Yesterday, I pointed out the flimsiness of President Joe Biden’s economics as expressed in his speech of last week before Congress. What he said in the same speech comparing the First and the Second Amendments does not make more sense. It confirms one conclusion of the economics of politics: for a politician, the cost of saying just about anything or of plain lying is low.

In arguing for still more gun controls, he explicitly invited a comparison between the limits of the First Amendment with those he wants for the Second Amendment:

This [gun control reform] shouldn’t be a red or blue issue. And no amendment to the Constitution is absolute. You can’t yell “Fire!” in a crowded theater.

If there is no fire in a theater, one does not have a First Amendment right to yell “Fire!” any more than one has the right to start shooting around if nobody is shooting at the patrons. But if there is a fire, somebody certainly has a right to shout a warning, just as an armed patron is or should be at liberty to engage and shoot anybody who starts shooting around.

Imagine that the First Amendment were submitted to the same limits as the Second Amendment in the most liberal (in the sense of permissive) states. Such restrictions would mean the following:

  1. Before getting a tool to use his First Amendment rights—say buying a speaker, a pen, or a computer—an individual would have to pass the National Instant Criminal Background Check with the FBI. In fact, purchasing any new such tool would require another similar permission. (Whether the use of one’s own throat would be possible without the FBI’s permission remains an open question.)
  2. An individual once convicted of whatever sort of felony would be barred for life from purchasing any free-speech tool (and perhaps using his voice or his writing hand too?). Just being “in possession of” such a tool, meaning being in immediate control of it (in his girlfriend’s unlocked closet, for example), would constitute a new felony.
  3. An individual convicted of misdemeanor of domestic violence, even just for the “attempted use of physical force,” or against whom a protective order has been obtained, would also lose his free-speech rights, sometimes forever.

In more restrictive states and in DC, the following restrictions on the First Amendment would be added:

  1. To be allowed to purchase free-speech tools or just to keep a tool he already owns, a person would be legally required to first obtain a personal free-speech license.
  2. A free-speech tool would have to remain in one’s own home and never be carried outside. The only exception would be to travel back and forth to a local “speaking range.”
  3. The capacity of your speech would be limited to a certain number of decibels or pages (as gun magazines are limited to 10 cartridges in some restrictive states) as well as by the prohibition of scary, government-style free-speech tools (say, a top-of-the-line photocopier painted in camo). Politicians would still have “mindguards” who would not be subject to these restrictions: the First Amendment would just be restricted for ordinary people.

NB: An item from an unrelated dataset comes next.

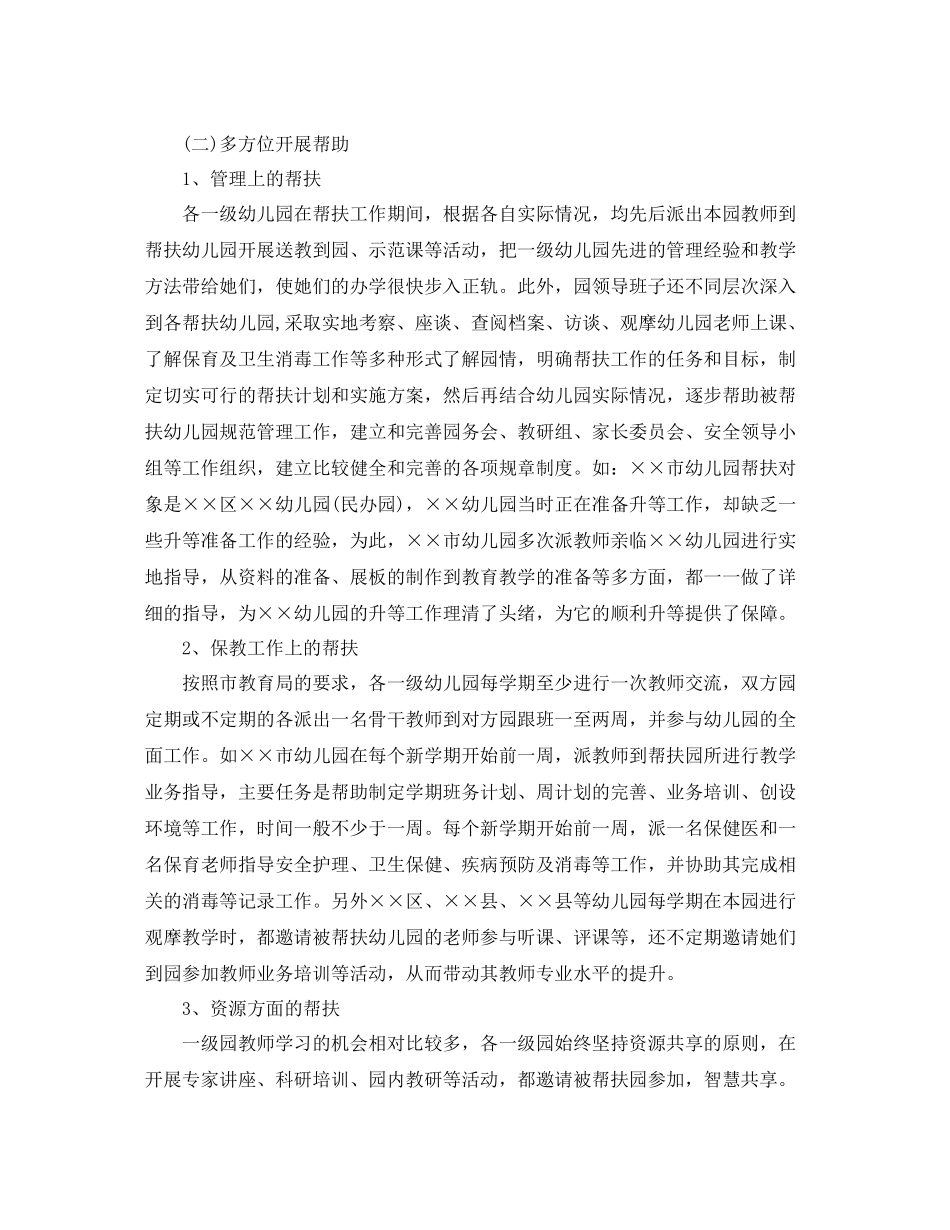 幼儿园结对帮扶工作总结_第3页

Biden would want, at least for now, to further add three new national limits on the First Amendment:

  1. The capacity and military-style restrictions mentioned in #3 of the preceding list would apply nationally.
  2. It would be forbidden to buy any used free-speech tool in a private transaction or at a “Speech Show” without passing the Instant Background Check.
  3. Any violator of the new federal restrictions would be committing felony speech, and be forever forbidden to speak, write, or otherwise express his opinions.

The three lists above are illustrative and only mention the most obvious restrictions that would apply to the First Amendment if it were as restricted as Second Amendment currently is.